[Material provided]
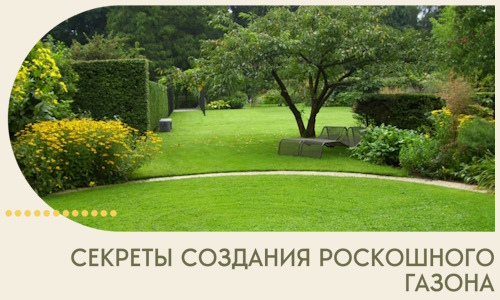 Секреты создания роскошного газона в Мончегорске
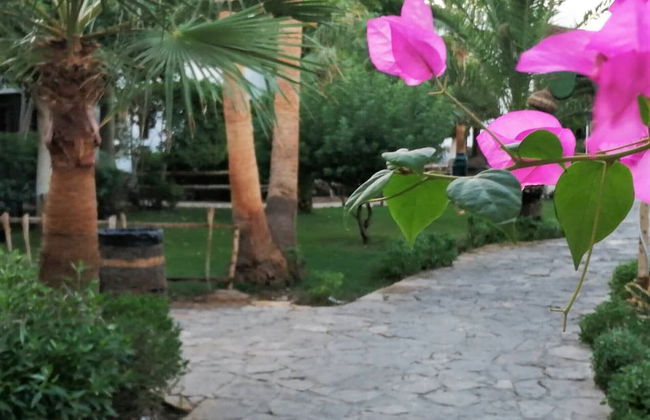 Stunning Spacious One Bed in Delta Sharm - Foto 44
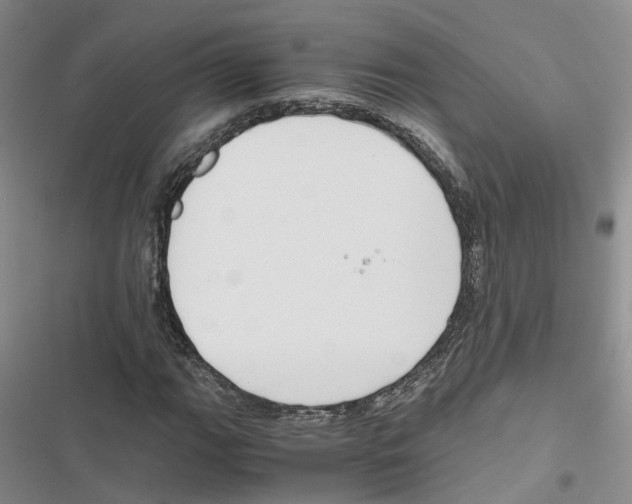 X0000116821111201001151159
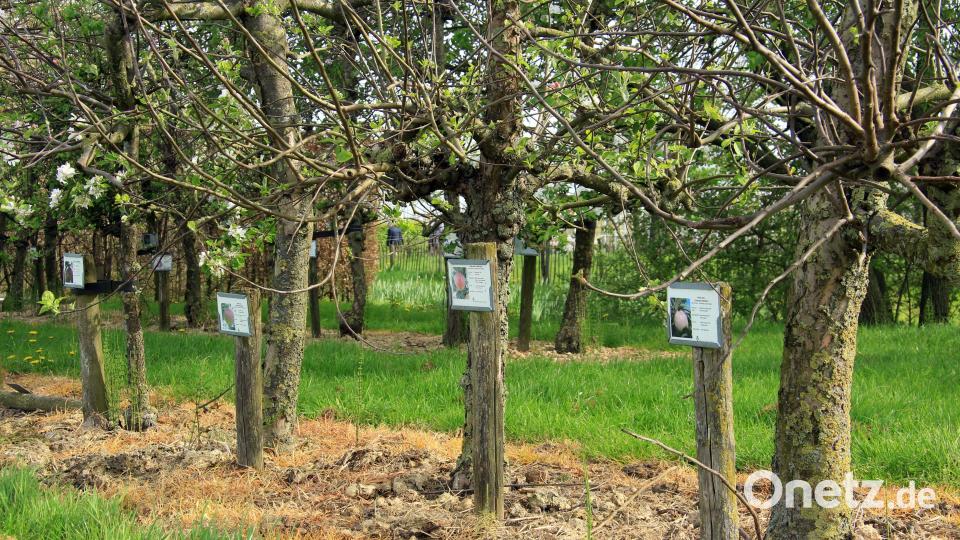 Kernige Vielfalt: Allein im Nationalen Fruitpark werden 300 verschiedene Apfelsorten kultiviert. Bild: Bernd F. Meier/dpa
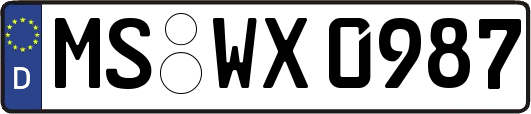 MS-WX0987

[Work to be completed]
The records above need to be restated word for word, with the pictures left out.

[Task response]
 Секреты создания роскошного газона в Мончегорске
 Stunning Spacious One Bed in Delta Sharm - Foto 44
 X0000116821111201001151159
 Kernige Vielfalt: Allein im Nationalen Fruitpark werden 300 verschiedene Apfelsorten kultiviert. Bild: Bernd F. Meier/dpa
 MS-WX0987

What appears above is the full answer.